特に機能性表示食品が登場したことで消費者はリテラシーを身につける必要に迫られているが、薬剤師もそれらと医薬品の相互作用など、適切なアドバイスができるようになる必要がある。

地域に根付いた薬剤師が適切なアドバイスを

また機能性表示食品には「疾病に罹患している場合は医師に、医薬品を服用している場合は医師・薬剤師に相談してください」と必ず注意書きがなされているが、モヤシやビールなどの食品を購入する際は、そのような注意書きがあるとはだれも思わない。

しかし実際、近所のスーパーで機能性表示ビール風飲料が特価で販売され、試飲会まで大々的に行われていたケースがあった。当然箱買いする消費者も多数いる。

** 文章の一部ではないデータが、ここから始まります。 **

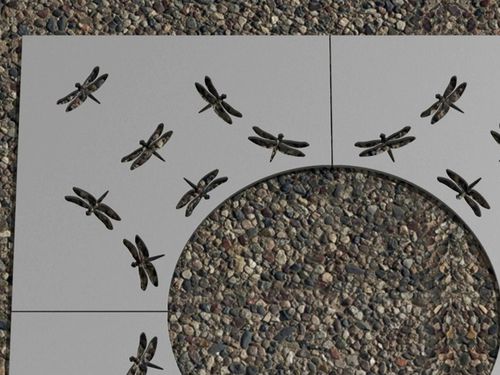 Square tree grate - LIBELLULE - LAB23 - round / steel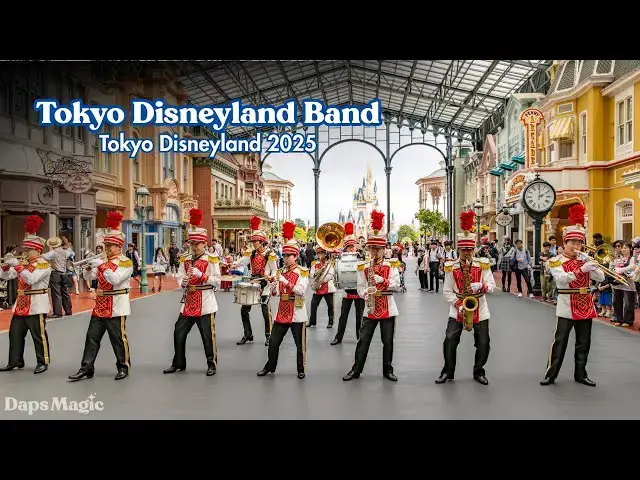'Video thumbnail for Tokyo Disneyland Band | World Bazaar | Tokyo Disneyland 2025 4K'
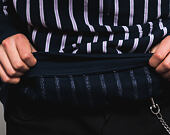 Mikina S Kapucí HUF Sutter Stripe Midnight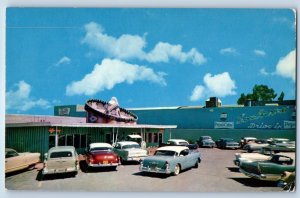Tijuana Baja California Mexico Postcard Şombrero Drive-In Restaurant c1950's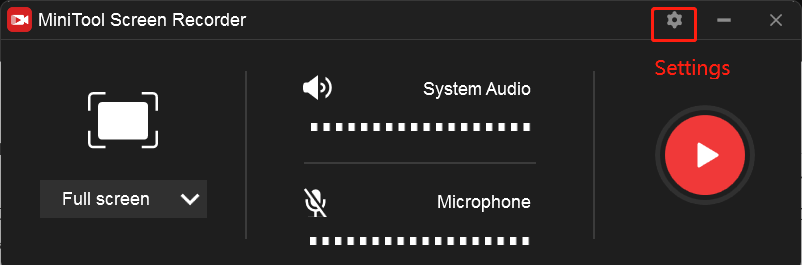 adjust recording settings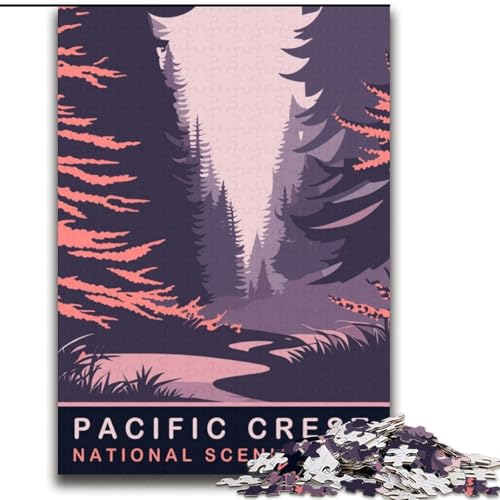 2000-teiliges Puzzle für Erwachsene und Jugendliche, Pacific Crest, Familienspiel für und einzigartige Heimdekoration und Geschenke für 14-Jährige, 70x100cm von ABKMXDKZ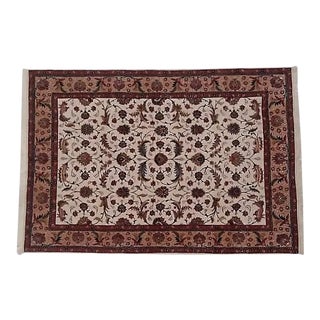 1980s Super Fine Persian Tabriz Rug 6'6" X 9'3" For Sale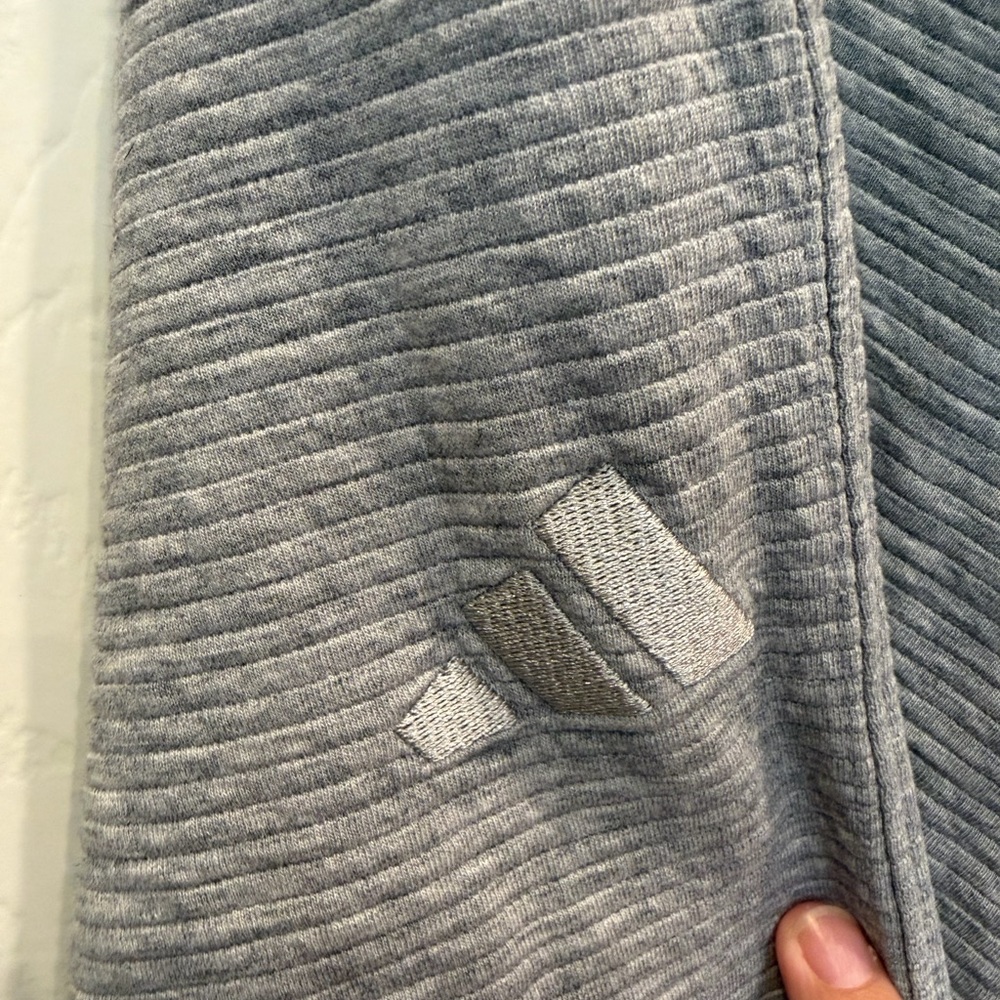 Adidas Light Gray wide legged sweats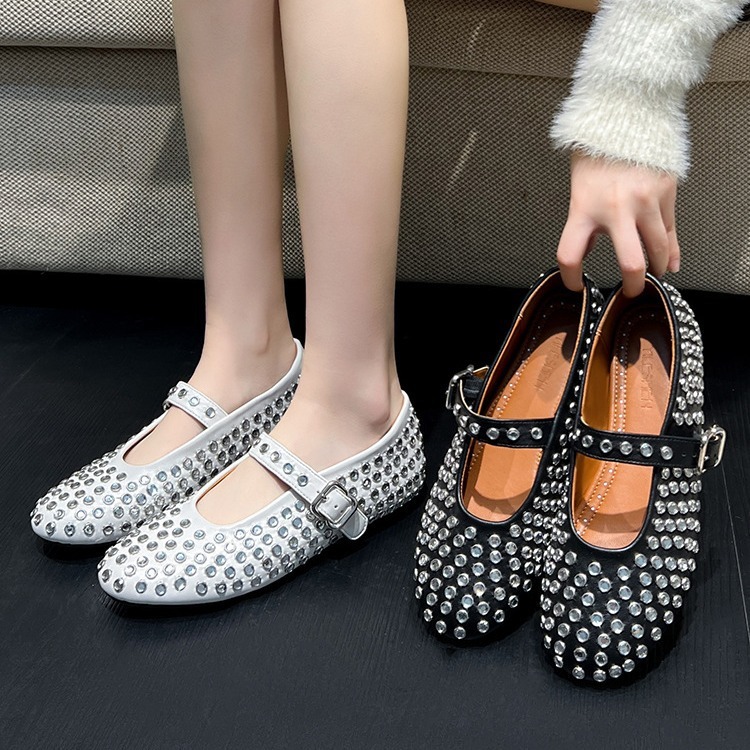 One word of nails and a soft, comfy round of Mary Jane's shoes.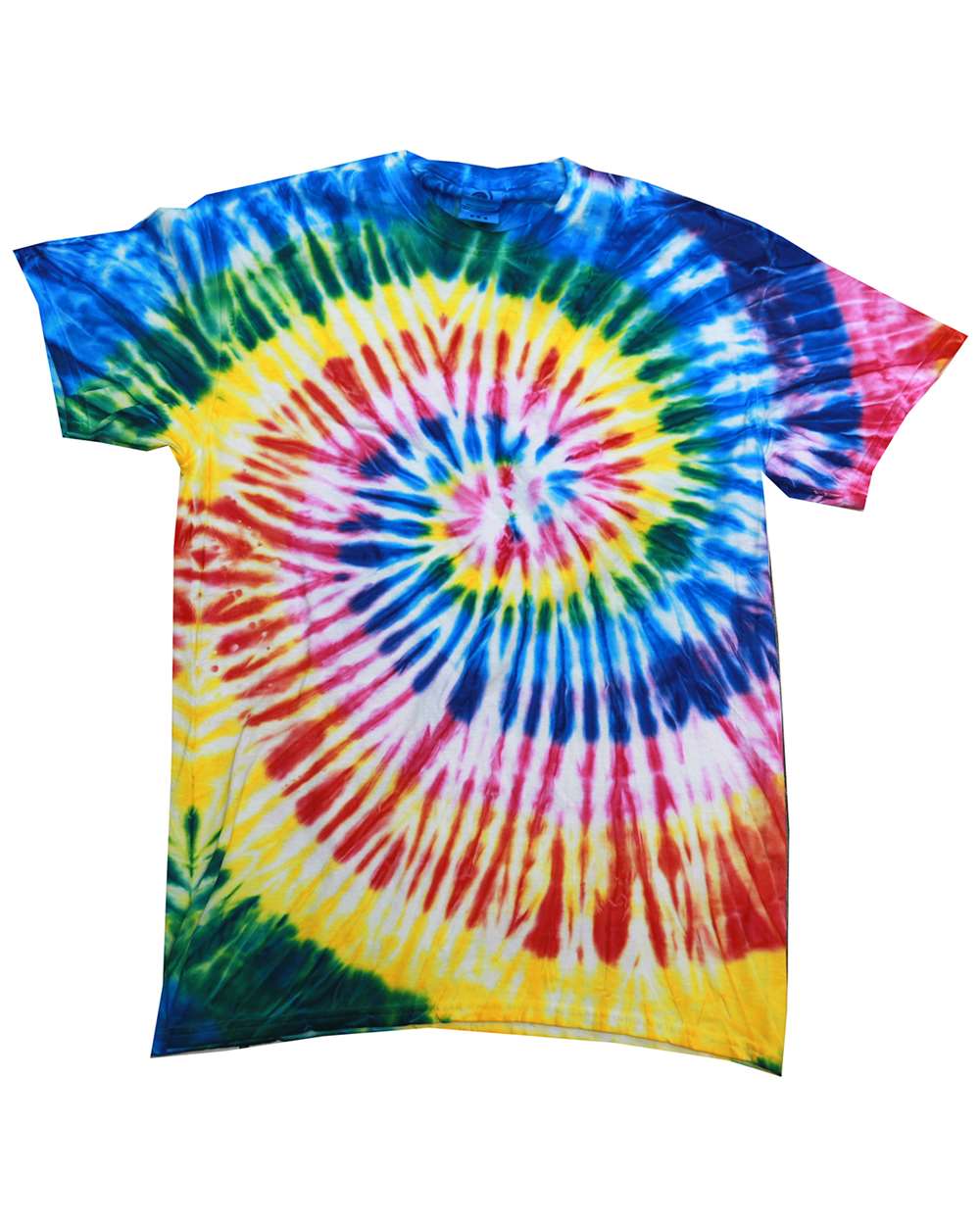 Unisex Multi-Color Tie-Dyed T-Shirt - Front - B13902163 - Santa Barbara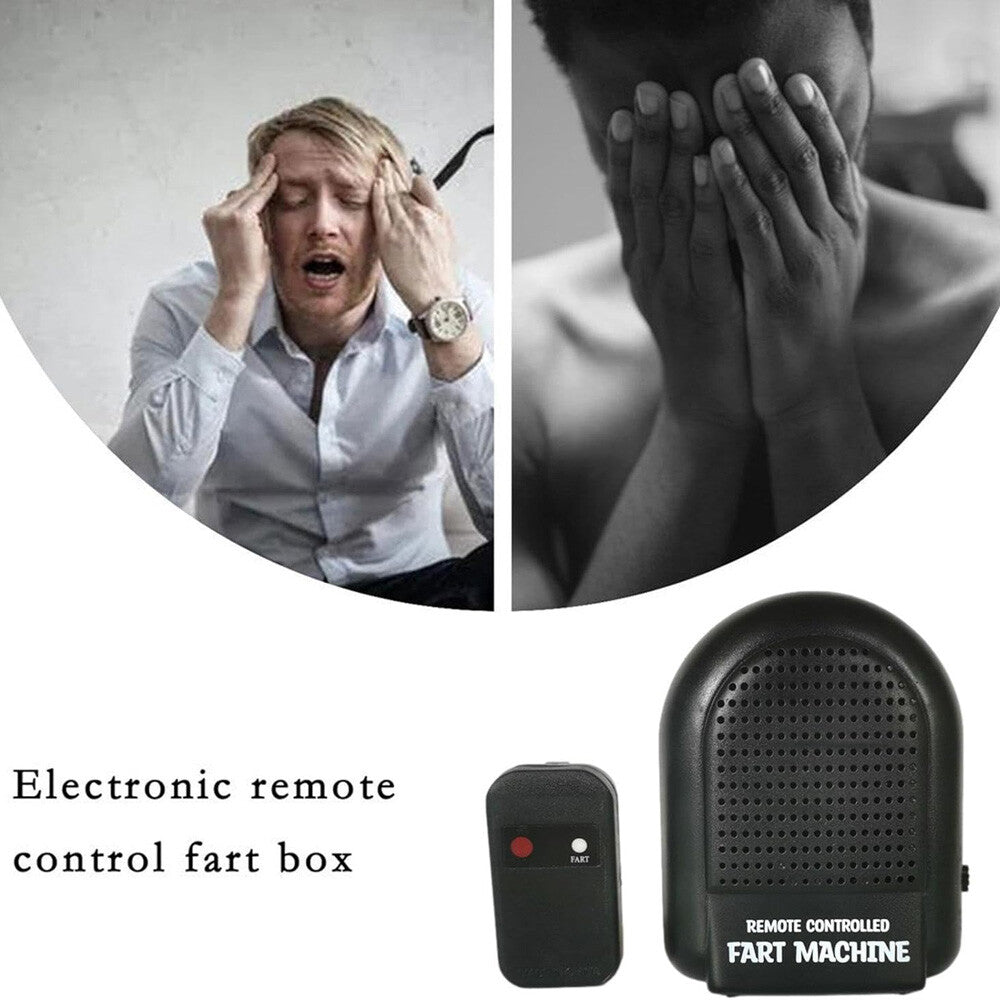 Electronic Fart Box Machine Remote Controlled Prank Joke Fun Fart Machine Box US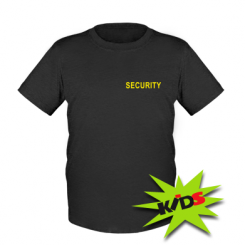 Дитяча футболка Security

数日後、堀氏の薬局に「風邪でもなく食あたりでもなく、どこも調子が悪くないのに下痢気味だ」という同じような悩みを抱えた人が数人やってきた。

堀氏は機能性表示ビール風飲料との因果関係を疑い、「最近ビールを変えませんでしたか?」と尋ねたところ、いずれの人も機能性ビール風飲料に変え、しかも1日に数缶空けていたという。

その機能性表示ビール風飲料は摂取目安量として1日に1本と明記されていたが、だれも飲料の摂取目安量など気にしてなかった。そのため、現在は薬局に該当商品のパッケージを張り出し「これは1日に1本まで」と注意喚起しているという。これは薬剤師が地域に根付いた生活をし、消費者の消費行動を熟知した結果できるアドバイスである。

原点回帰し、地域に求められる薬局に

他にもイソフラボン(機能性モヤシや骨の健康をサポートするサプリメント類)やカフェイン(エナジードリンク)、ベータクリプトキサンチン(機能性表示の温州みかん)、など特に注意が必要と思われる機能性成分やそれらの表示食品についても薬剤師は理解し、薬品だけでなく食品のアドバイスや複数の選択肢を提供できる存在であることが求められている、と堀氏。

今後薬局は地域に根付いたいろいろな人の「たまり場」になることが求められている。かつての薬局はそうであったが、今は処方箋がないと入れない薬局になってしまっている。

いまこそ原点回帰し、健康情報サポート薬局になること、最新のデータベースや知識をも包括した存在になることが求められている、とまとめた。